» **Your goal**
Return the line containing "URMomDelicious Minecraft skin, front" and every line beneath it through the end of the entries below, unchanged. Pictures stay out.

Available data Block Start

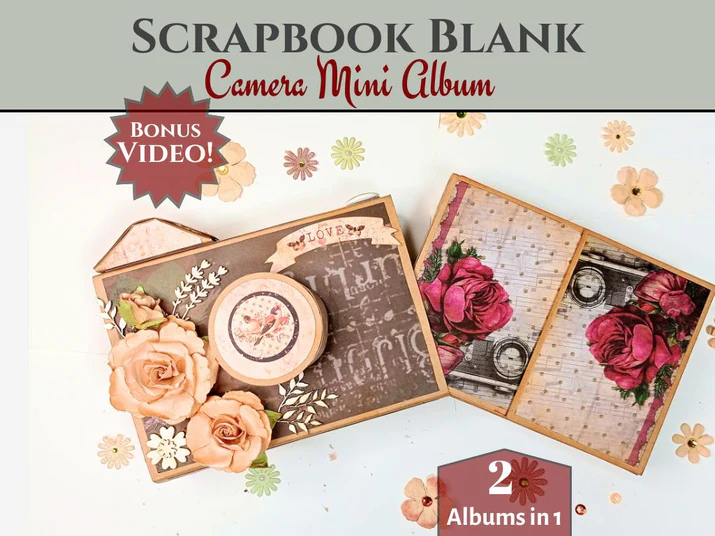 CrafTreat - Blank Precut Album Base - Matchbox Camera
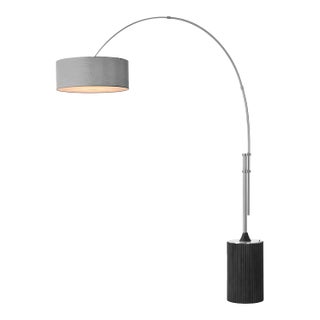 1980s Tambo 92"h 1-Light Arc Lamp, Cashmere Gray Linen Shade, Black Oak Base, Satin Nickel, Dimmable, for Living Room or Bedroom For Sale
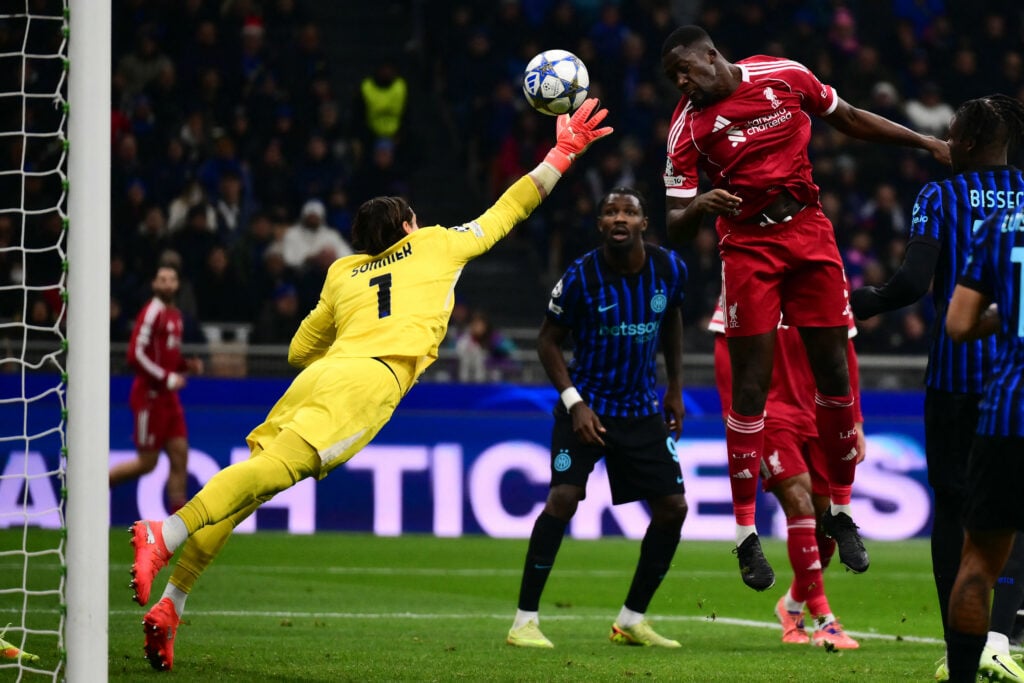 Liverpool's French defender #05 Ibrahima Konate scores goal which was ruled out by the VAR during the UEFA Champions League phase day 6 football match between Inter Milan and Liverpool at San Siro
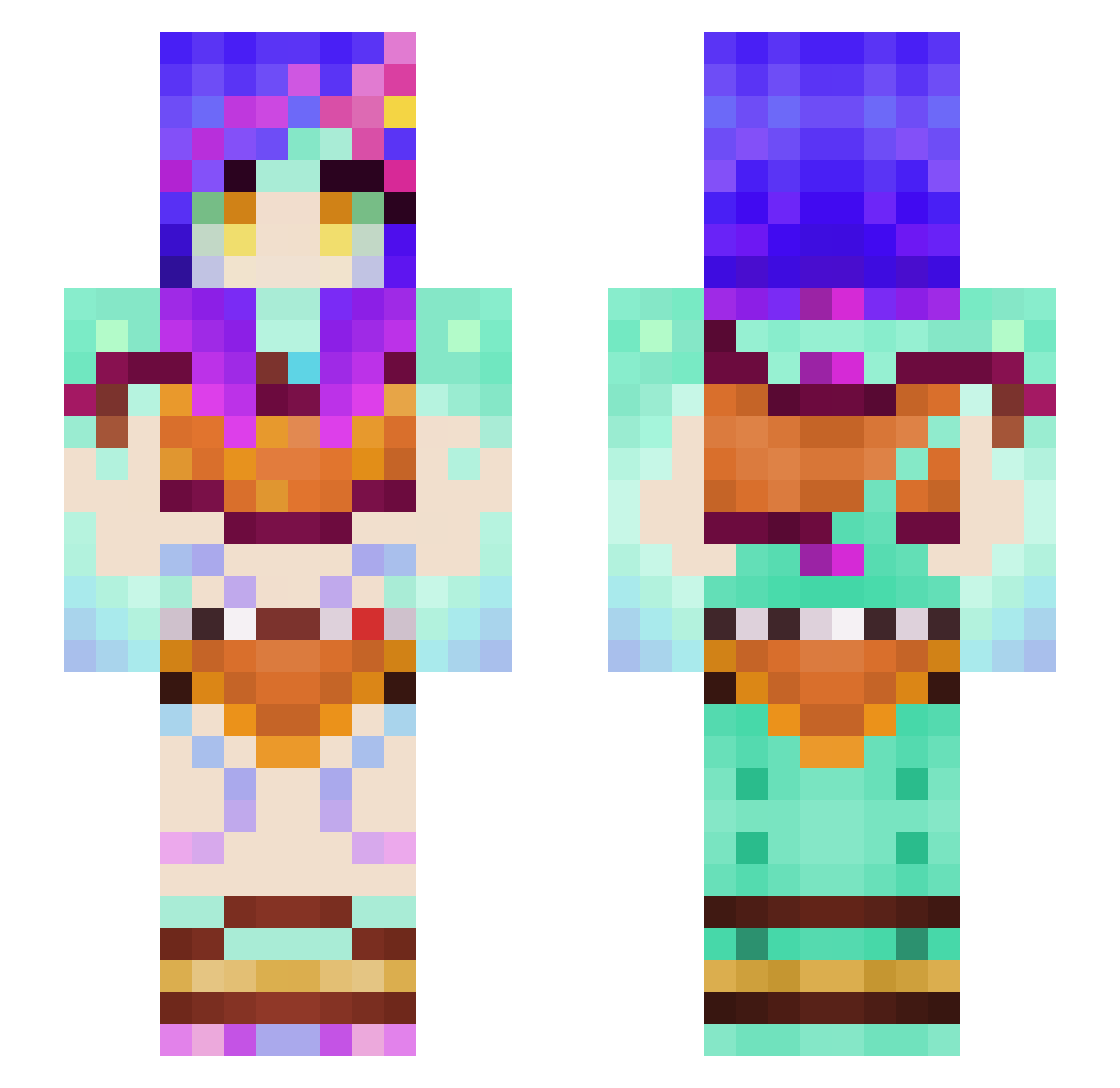 URMomDelicious Minecraft skin, front and back view
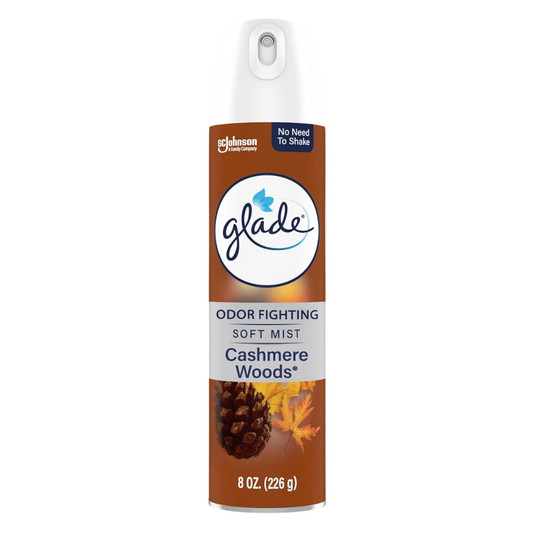 Glade Air Freshener Odor Fighting Soft Mist Cashmere Woods, 8 oz / 226 g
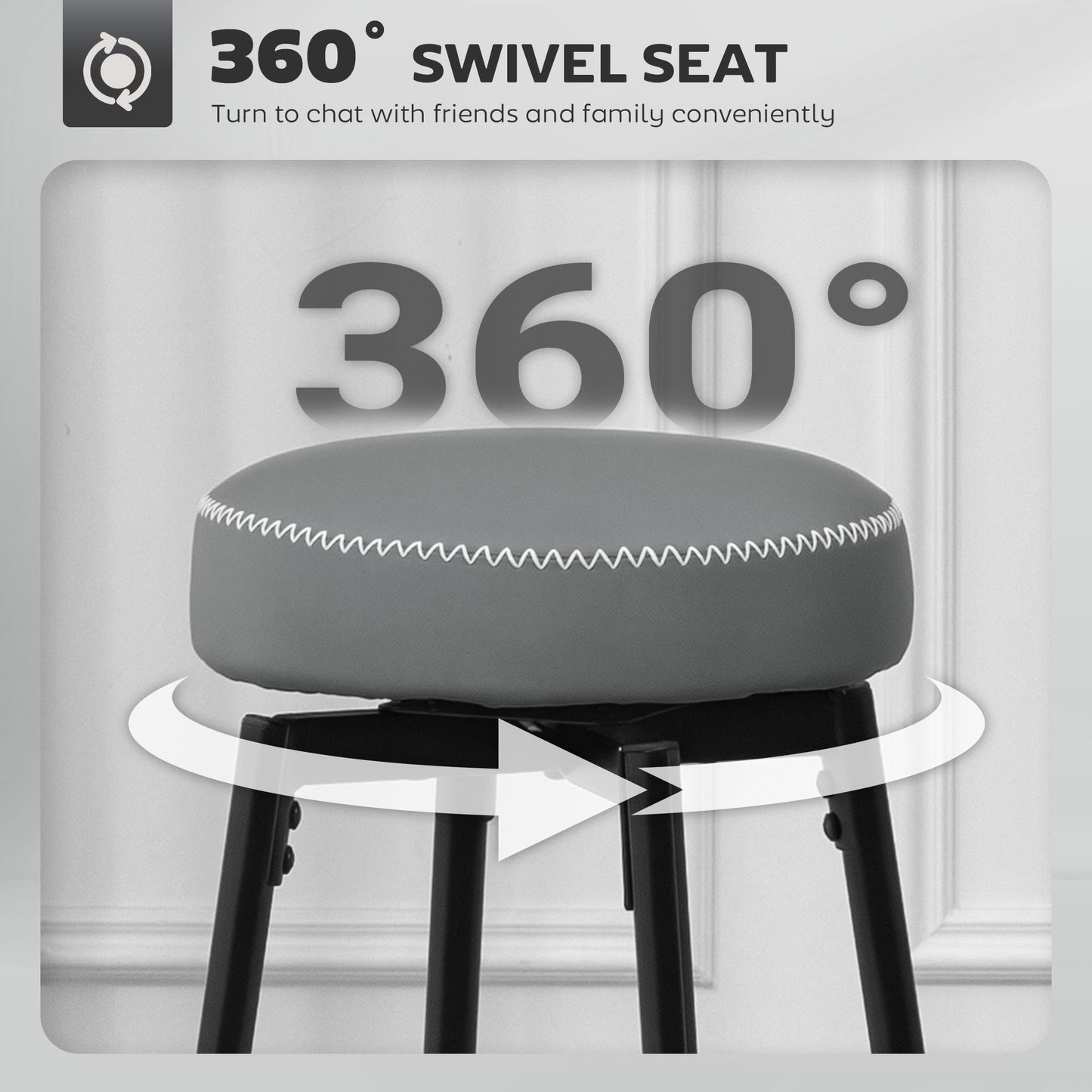 HOMCOM Set of Two Faux Leather Bar Stools - Grey/Black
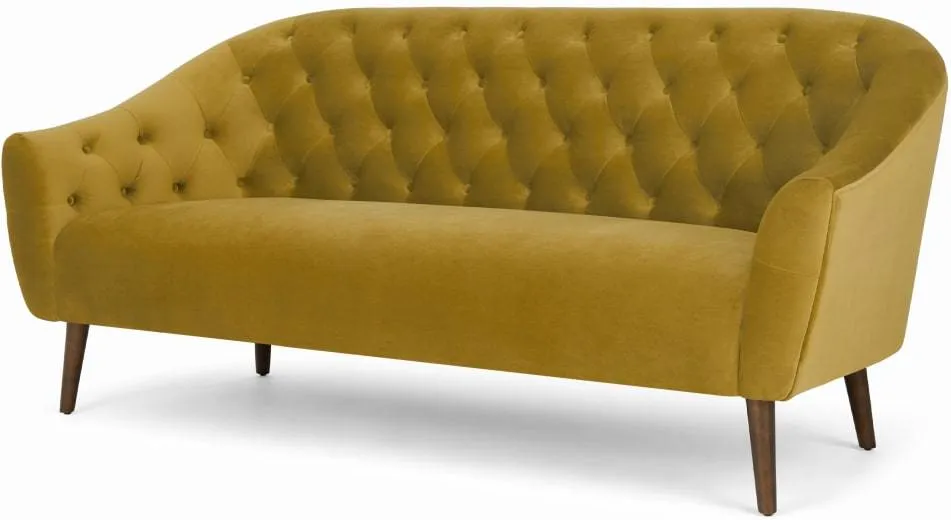 Tallulah 3 Seater Sofa, Vintage Gold Velvet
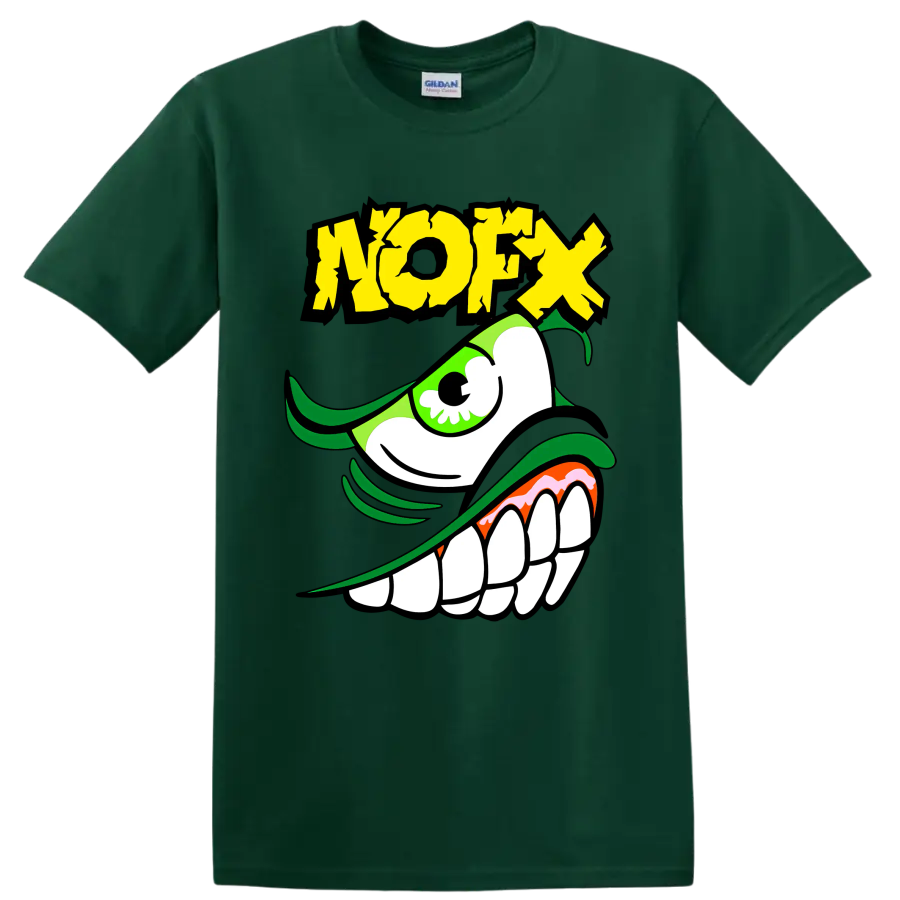NOFX green monster punk rock graphic with distressed yellow lettering on a Forest Green T Shirt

Available data Block End

» **Result for this exercise**
 URMomDelicious Minecraft skin, front and back view
 Glade Air Freshener Odor Fighting Soft Mist Cashmere Woods, 8 oz / 226 g
 HOMCOM Set of Two Faux Leather Bar Stools - Grey/Black
 Tallulah 3 Seater Sofa, Vintage Gold Velvet
NOFX green monster punk rock graphic with distressed yellow lettering on a Forest Green T Shirt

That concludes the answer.